Agencies I’m working with want to see our catalog, they want to build their own, they want me to look at theirs, and once they have one they all tell me that they wish they had done this years ago.

So, I thought I would share some best practices around the creation and maintenance of a services catalog for your agency. Here we go.

First, let me start by saying, you’ll need this if you have plans to scale your agency. If growing your shop isn’t a top priority, then creating a services catalog, while helpful, might not be at the top of my list for you. 

But if you want to grow, and grow quickly and if you’re doing a lot of hiring and adding in a lot of processes to help your team be efficient, then this is going to be a critical piece of the puzzle.

What Is A Services Catalog?

This seems like a solid place to start. Your services catalog is a listing of everything you do in the agency, how long it takes you to do it, what it costs you to do it and what you charge your clients for doing it.

It’s usually a spreadsheet because it has some calculations in it. 

For example, if we’re listing an email marketing campaign, it might have 10 hours associated with that tactic, and a cost of $1,000 (10 hours x $100 an hour). You’ll then multiply the cost by some multiplier to cover your Gross Profit margins. 
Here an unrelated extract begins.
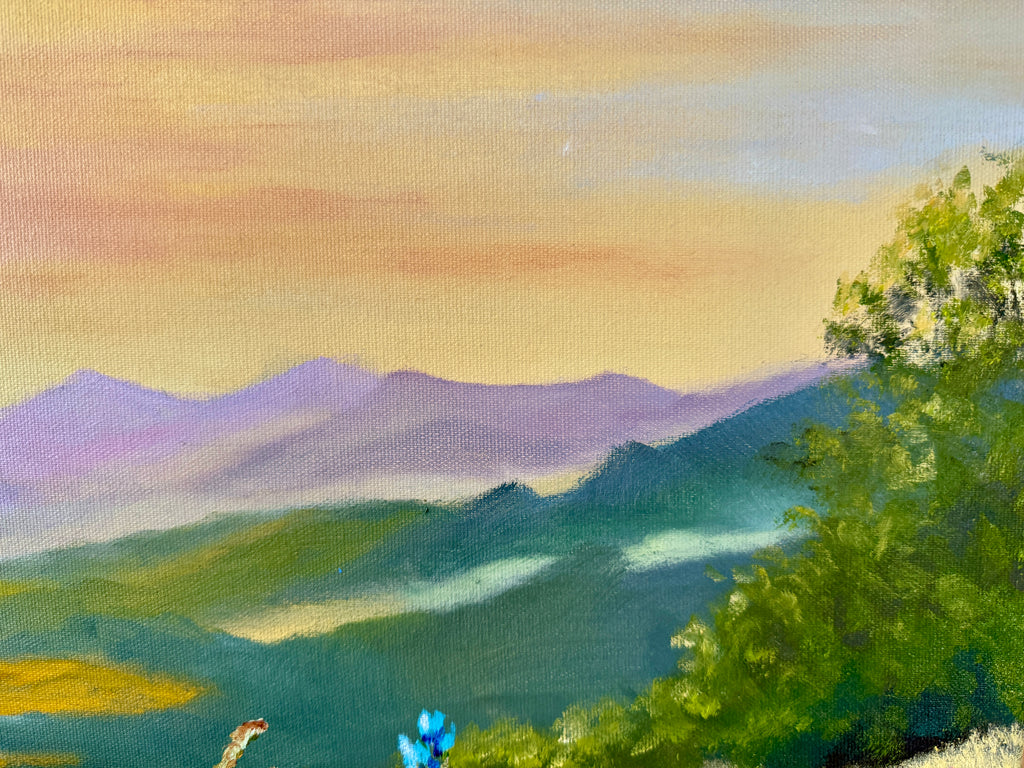 Sunrise Behind the Mountains over a Flower Field 28"x20"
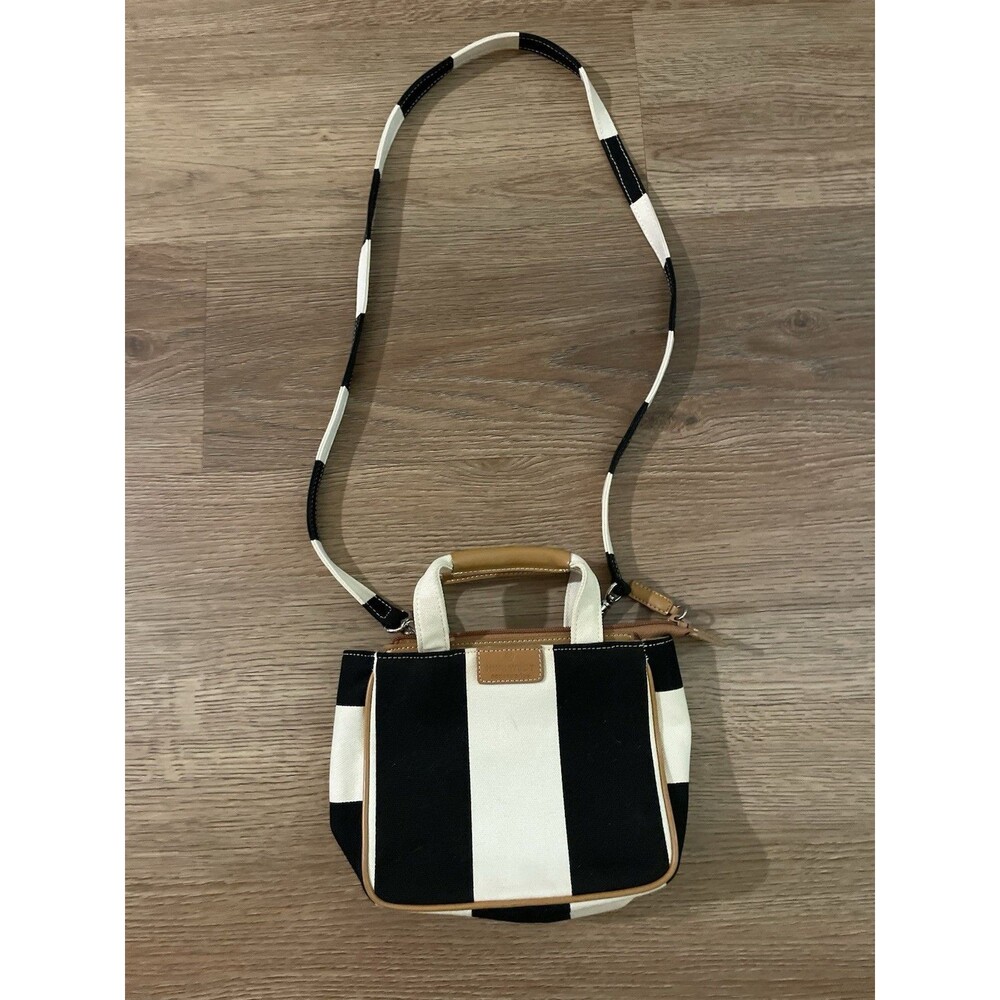 Vintage 90s Nine West Cabana Stripe Canvas Mini Tote Bag Crossbody Black White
For this example, let’s say 2X. Now your $1,000 cost is translated into a $2,000 charge to clients.

At Square 2, we have another column that’s called Value Pricing where we adjust the marked-up number based on the value in the market. 

If an email campaign is worth $3,000 an email to our clients, then our services catalog would reflect the $3,000 cost too. 

That value-based pricing number is optional, but we like it to make sure we’re charging enough and we’re at the top of the pricing scale. 

By the way, that value pricing adds significantly to the bottom line of your agency.  Don’t roll past it too quickly. 

Start Small And Grow It

Sometimes this seems like a monumental task. Do you want me to capture everything we do at the agency and put it into a spreadsheet? That’s not what I’m suggesting. 

What I am suggesting is that you start capturing everything you do and start with those things you do frequently. Put those into your services catalog and then add to it incrementally over time. 

There are some things that you do every day, for every client. These include things like email marketing campaigns, blog writing, or landing page optimization. 

Start with the most common services and use those to create your services catalog initially. 

Then over time, add services that are less common or new services you’re providing. 

For example, you might not do a video for every client every month, but when you get a video project, add it to your catalog. 

This will help you keep the project manageable, focus it on the top services you deliver frequently, and give you a methodology for adding to your catalog over time.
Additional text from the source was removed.